Book Title: Atlas of the Irish Rural Landscape
Author: Terence Dooley
Format: Hardback | 416 pages
Publication Date: 01 Oct 2010
This is a major update of this bestselling work on the Irish landscape. When it appeared in 1997, it was instantly hailed as a pioneering volume in increasing appreciation of the Irish landscape as a crucial component of national heritage. The sumptuous quality of its design, the cutting edge cartography, and the clarity of its prose ensured that it became an award-winning volume, widely praised inter-nationally as one of the best books ever to appear on a national landscape. This second edition is far from a cosmetic reissue. At least one-third of the content is entirely new. This includes a complete rewriting of the contemporary section to take account of the Celtic Tiger, and there are six fresh regional case studies - Tory island (Donegal), the Wicklow uplands, Inistiogue (County Kilkenny), Aughris (County Sligo), Clonfert (County Galway) and Point Lance in Newfoundland. There is a new cover, many new maps and photographs, a listing of the top fifty books on the Irish landscape, and a guide to the best websites. "The Atlas of Irish Rural Landscape" is a magnificently illustrated, beautifully written and pioneering introduction to the hidden riches of the Irish landscape.

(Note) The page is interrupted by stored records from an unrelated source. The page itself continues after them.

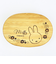 ミッフィー miffy 竹製ランチボックス(400ml) ランチ 弁当箱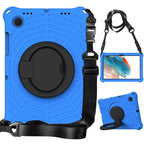 Spider King Silicone Protective Tablet Case, For Samsung Galaxy Tab S6 Lite P610, For Samsung Galaxy Tab A8 10.5 X205 / X200, For Samsung Galaxy Tab A 10.1 2019 T510, For Samsung Galaxy Tab A 8.4 2020 SM-T307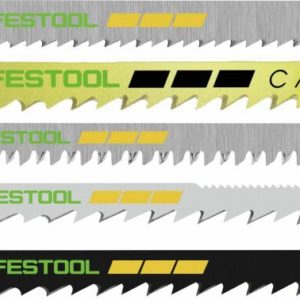 Festool 204275 STS-Sort/25 W 25-delige Decoupeerzaagbladset - Hout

Topics include archaeology, field and settlement patterns, houses, demesnes, villages and small towns, monuments, woodland, bogs, roads, canals, railways, mills, mines, farmsteads, handball alleys, and a host of other features. The Atlas combines superbly chosen illustrations and cartography with a text amenable to a general reader. Hundreds of maps, diagrams, photographs, paintings allow the Atlas to present a mass of scholarly information in an accessible way, suitable for any school, college or home. "The Atlas of the Irish Rural Landscape" also has a significant practical dimension. It increases the visibility of the landscape within national heritage and establishes a proper basis for conservation and planning. It explores contemporary changes resulting from the Celtic Tiger, and proposes how to implement necessary change in sympathy with inherited landscape character.